The US dollar is quietly pushing higher again, and it’s starting to show up across most major pairs. You see it in the charts first, then in the conversations. Traders asking if the pound is stronger than the dollar suddenly sound less confident, because price is doing the opposite of what sentiment was leaning toward a few weeks ago. The euro has slipped back toward the 1.07 area, so one US dollar to euro is creeping up in value again. It doesn’t feel like panic buying, more like a steady bid that refuses to go away, which usually matters more.
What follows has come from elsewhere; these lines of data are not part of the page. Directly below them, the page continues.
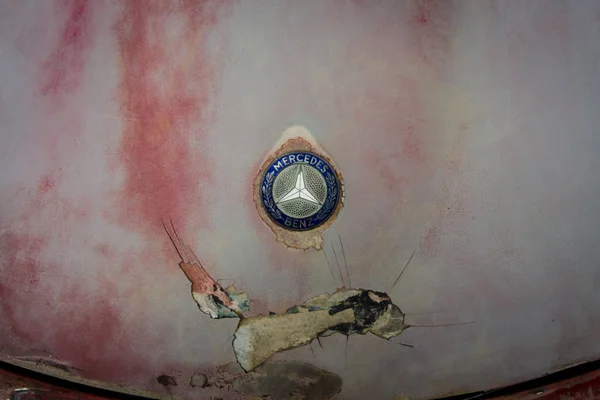 Hood emblem of Mercedes-Benz on a rusty body. — Stock Photo, Image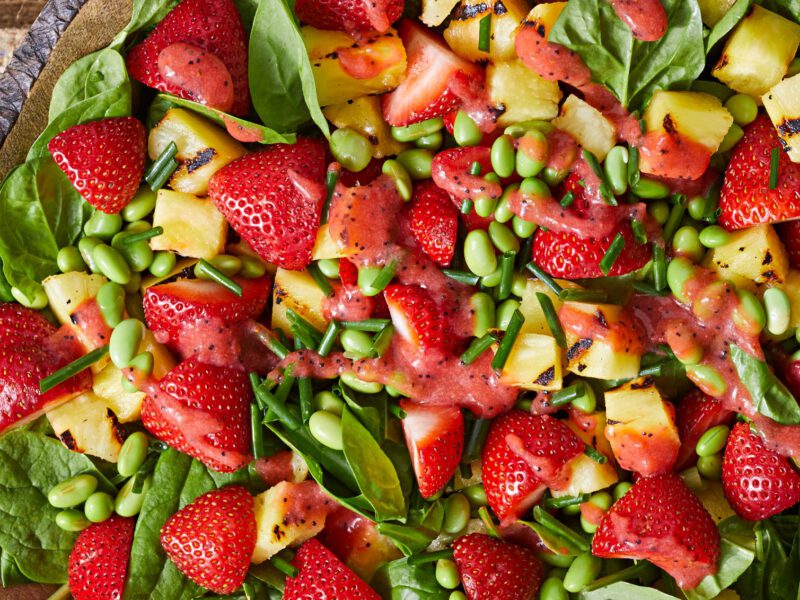 Spinach, Pineapple, and Strawberry Salad in a rustic homemade ceramic bowl on a piece of hessian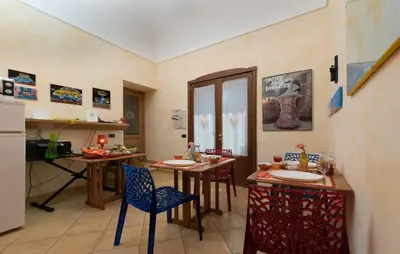 a kitchen with two tables with chairs and a counter at Angolo Arancio Bed & Breakfast in San Vito lo Capo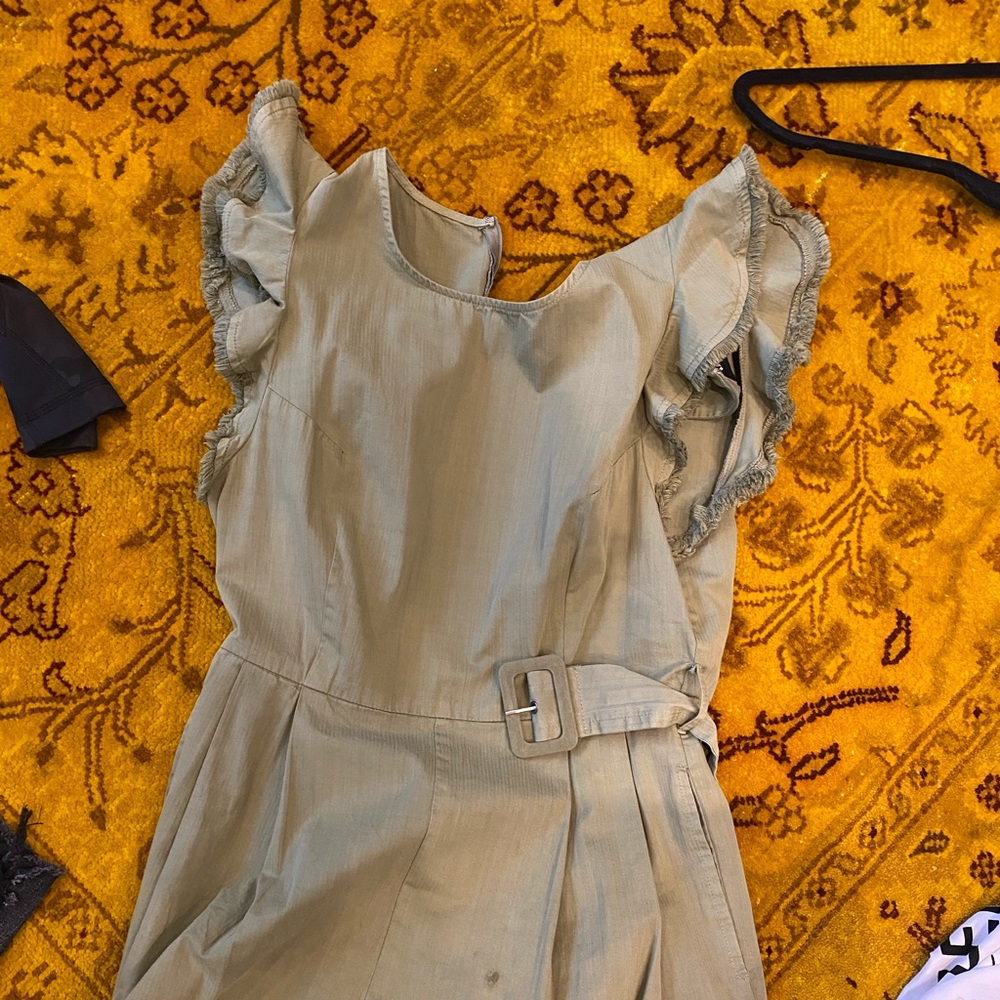 green ruffle romper size medium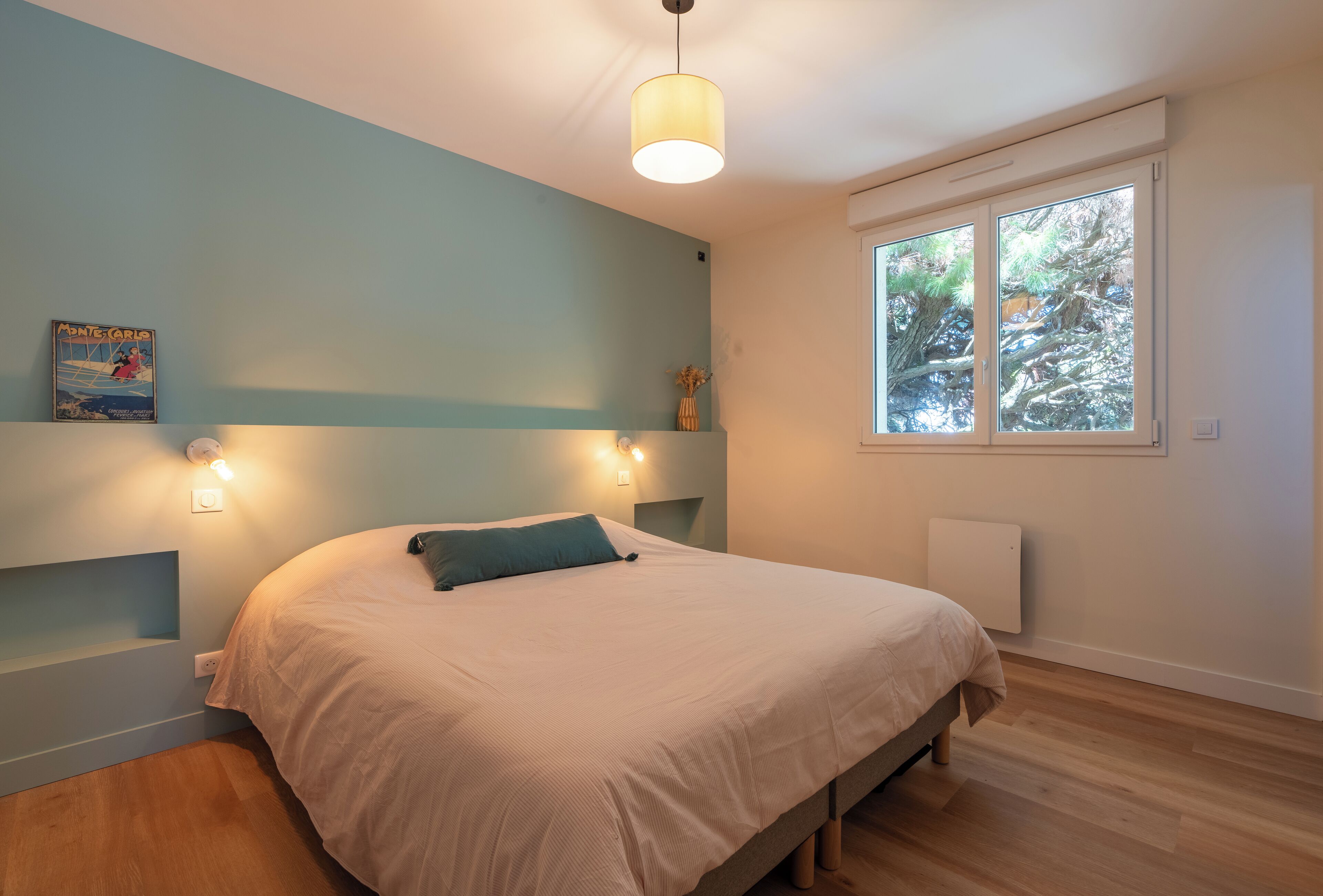 Une chambre à coucher avec un lit, une fenêtre donnant sur des arbres, une étagère fixée au mur et un luminaire fixé au mur.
Underneath that move, it comes down to yield and positioning. US Treasury yields have stayed relatively elevated, with the 10 year hovering around 4.2 percent, while Europe and the UK are still dealing with softer growth expectations. That spread pulls capital toward the dollar almost mechanically. Then you layer in positioning. A lot of traders were leaning short dollar coming into the year, expecting rate cuts to weaken it. When those cuts get delayed or questioned, you get this slow unwind where shorts cover and new longs step in. Liquidity plays a role too, because the dollar still sits at the center of global funding, so when uncertainty ticks up even slightly, demand shows up without much warning.
What makes it interesting is that the macro narrative hasn’t fully flipped bullish on the dollar yet. Inflation in the US is cooling, just not fast enough, and growth is holding up better than expected, which keeps the Federal Reserve in a holding pattern. That creates a weird middle ground. It’s not an obvious long, but it’s also not weak enough to sell aggressively. Meanwhile, Europe is flirting with stagnation, and the UK isn’t exactly convincing either, so asking if the pound is stronger than the dollar becomes less about fundamentals and more about relative weakness. Forex trends right now feel less like a clear trend and more like a grind driven by small imbalances that keep adding up.
Looking ahead, the next real push probably comes from rates repricing again. If US data stays firm and pushes rate cuts further out, the dollar can keep squeezing higher, maybe testing 1.05 against the euro. But if something breaks, like a sharp slowdown in jobs or consumption, that bid could disappear quickly. The tricky part is timing it, because this kind of move doesn’t give clean entries. It drifts, pauses, then drifts again. For now, the path of least resistance still looks upward, but it doesn’t feel strong enough to chase aggressively, more like something you respect until the data tells you otherwise.